The app doesn’t just make the survey process more convenient, it allows park staff and resource managers to visualize the patterns and concentrations of nests and to chart changes or threats to nesting sea turtles over time.
At John D. MacArthur Beach State Park, nesting sites are analyzed in different sectors. If a sector near a condominium begins to show a decline in successful nesting, it could indicate that street lights are disorienting sea turtles at night or that a predator is in the area. With the data, park staff can better protect the nests and sea turtles.
Staff and volunteers at John D. MacArthur Beach State Park have integrated the turtle survey app into their overall conservation plan, and 17 other parks are in varying stages of implementation. Ultimately, the Florida Park Service wants to utilize this tool throughout the state park system and in collaboration with other state environmental agencies. The Florida Fish and Wildlife Commission has started to use the app as well. “This is very much a collaborative enterprise,” Neuse said.
The Florida Park Service’s GIS section continues to find solutions to resource management problems, whether that be collecting data on the locations of endangered Torreya trees to information about the depth of canals in Key Largo’s coastal wetlands.

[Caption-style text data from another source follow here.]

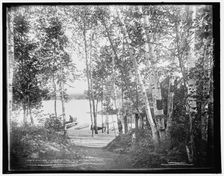 A glimpse of Raquette Lake from St. Hubert's Isle, Adirondack Mountains, c1902. Creator: William H. Jackson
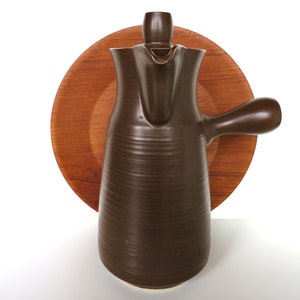 May include: A brown ceramic coffee pot with a wooden base. The pot has a rounded body and a spout on the side. The base is a circular wooden disc.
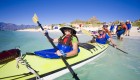 Two people in a green tandem kayak pushing off shore and into the crystal clear waters of the Sea of Cortez on a sunny day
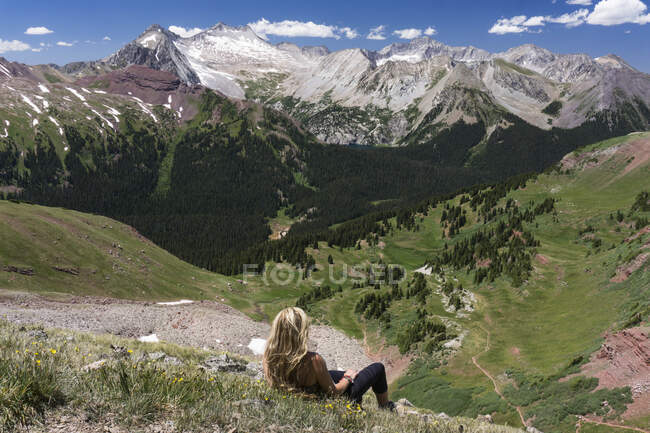Caminhante feminina olhando para a vista enquanto relaxa na montanha — Fotografia de Stock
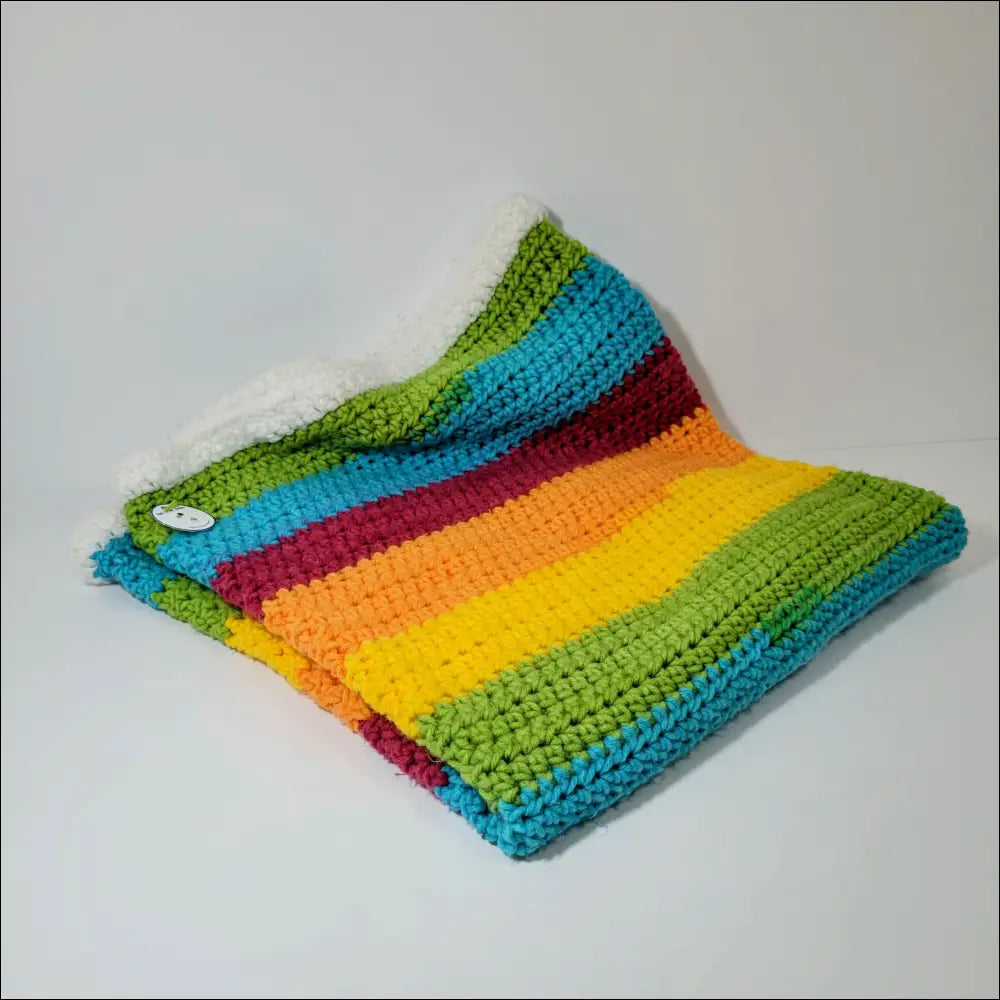 Colorful striped crocheted rainbow blanket folded, perfect for brightening your babe’s room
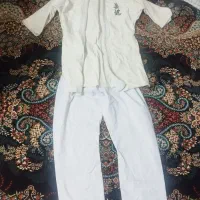 لباس تکواندو|لباس|شاهین‌شهر, نبوت|دیوار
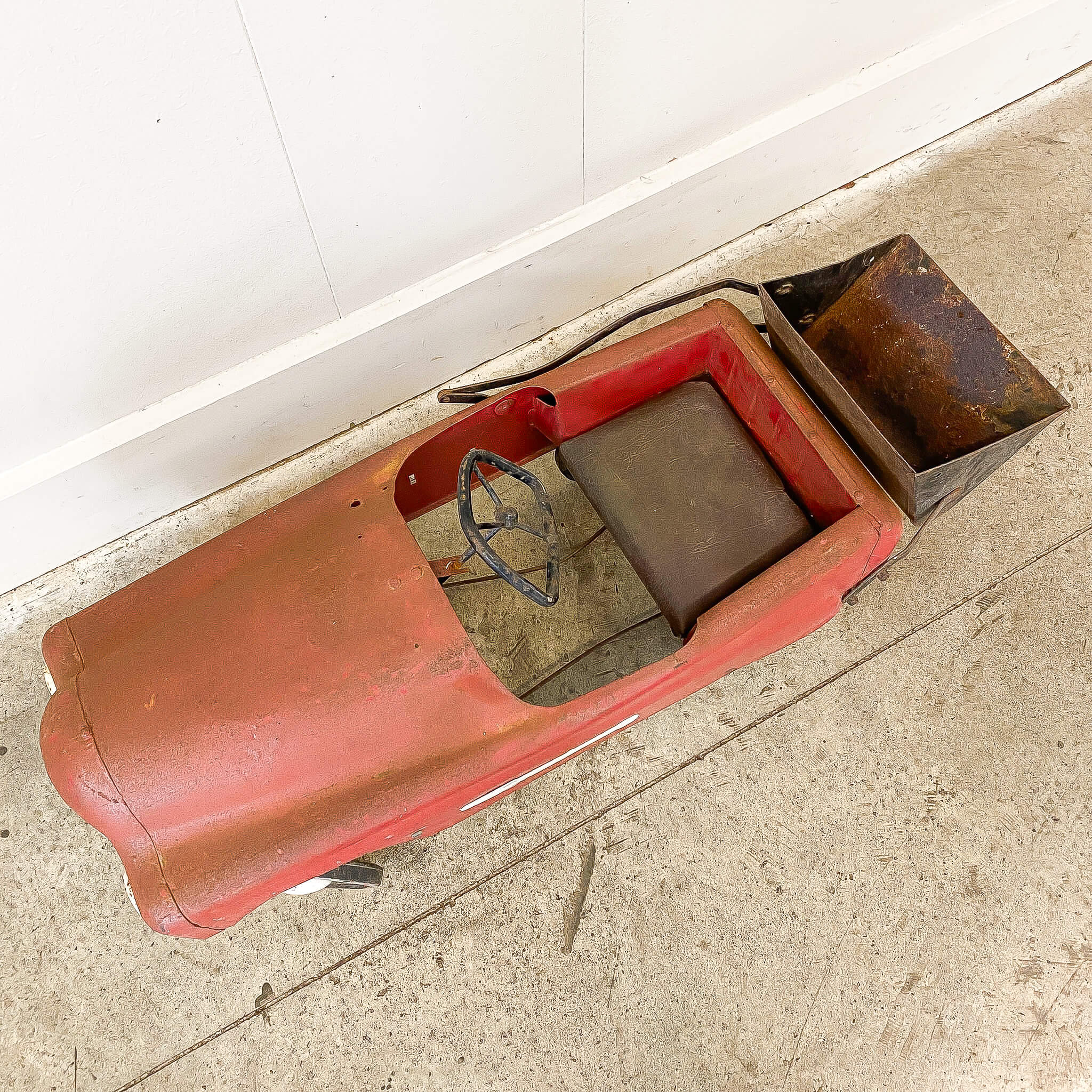 A Vintage Triang Pedal Car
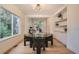 Elegant dining room with modern lighting, built-in shelves, and glass doors at 22367 Quail Run Dr, Parker, CO 80138
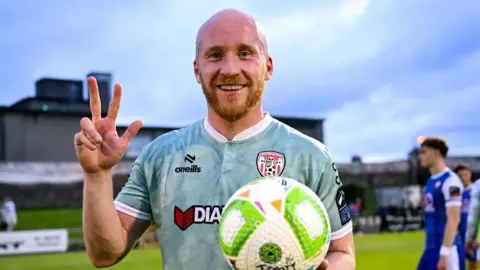 Derry City hat-trick hero Liam Boyce celebrates with the match ball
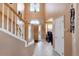 Grand foyer with soaring ceilings, tile floors, and a staircase leading to the upper level at 11951 Singing Winds St, Parker, CO 80138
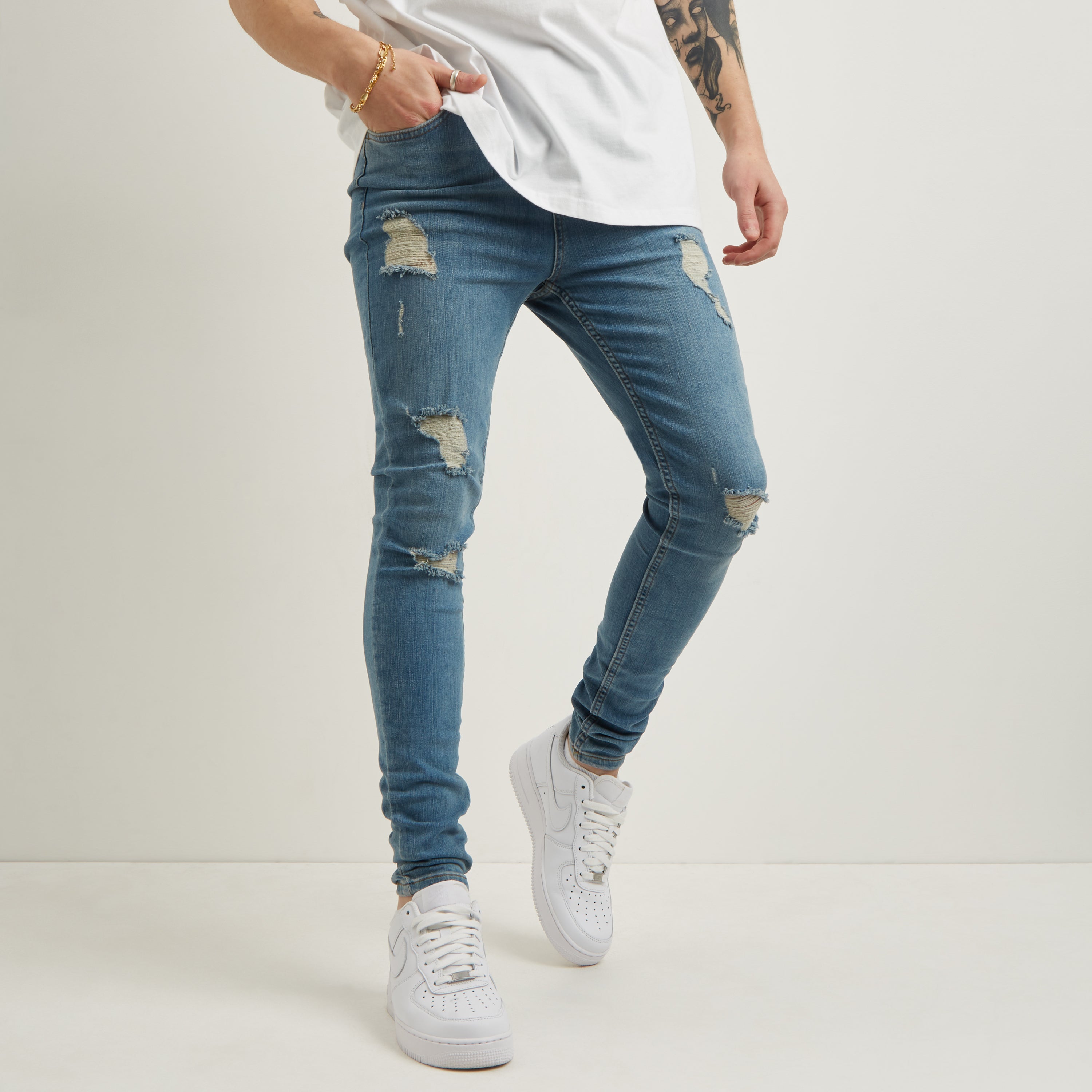 White spray sales on jeans mens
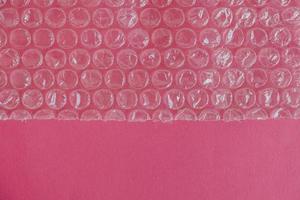 Packaging with air bubbles on a pink background. Bubble wrap texture, packaging, air bubble film. Top view. Copy, empty space for text photo
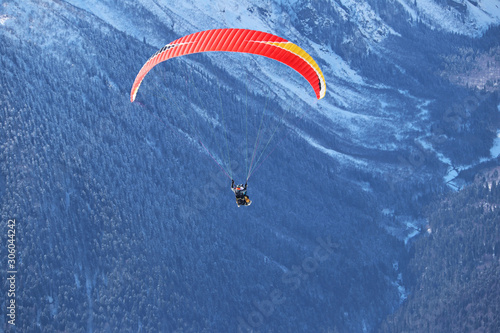 paraplane flying over snowy Caucasus mountains sunny blue sky photo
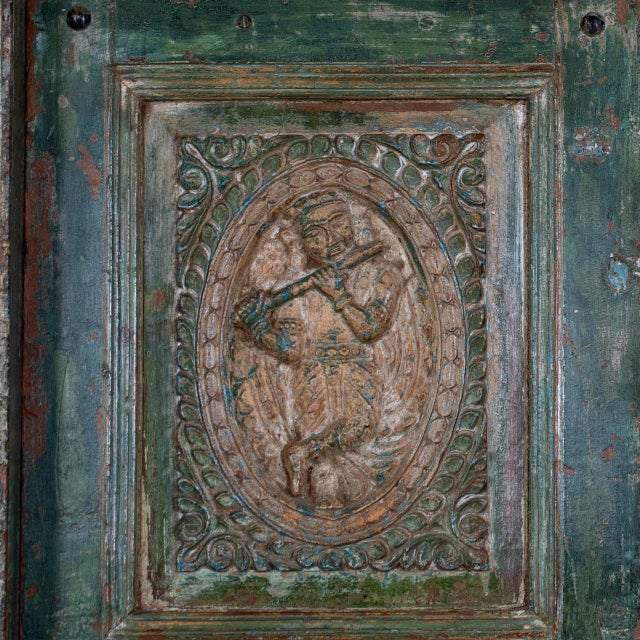 This Antique Indian Carved and Painted Teakwood Door, c. 1880–1900, showcases the vibrant decorative traditions of...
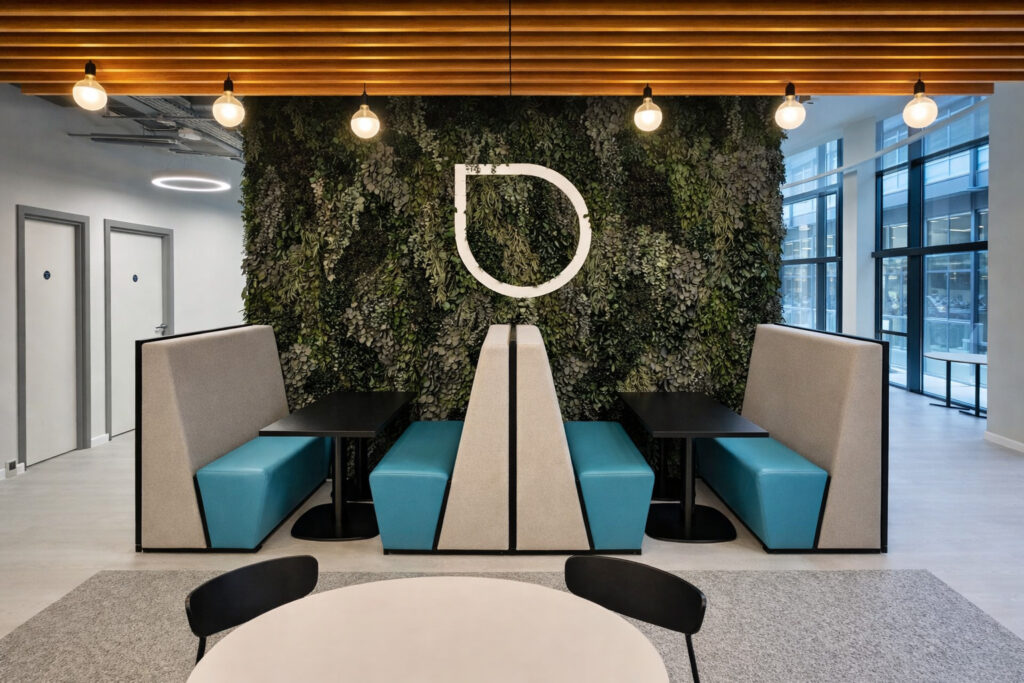 Office breakout area with modular seating and tables against a green wall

The GIS section, which included Neuse, Williams, Brady Harrison, Ryan Mulvey and Laura Bollmann, received the 2018 Prudential Productivity Award for developing a tool for monitoring hurricane impacts on state parks in real-time.
Technological advances — along with the dedication and hard work of staff, volunteers and community supporters — allow the Florida Park Service to accomplish its mission to protect, interpret and preserve Florida’s unique environmental heritage.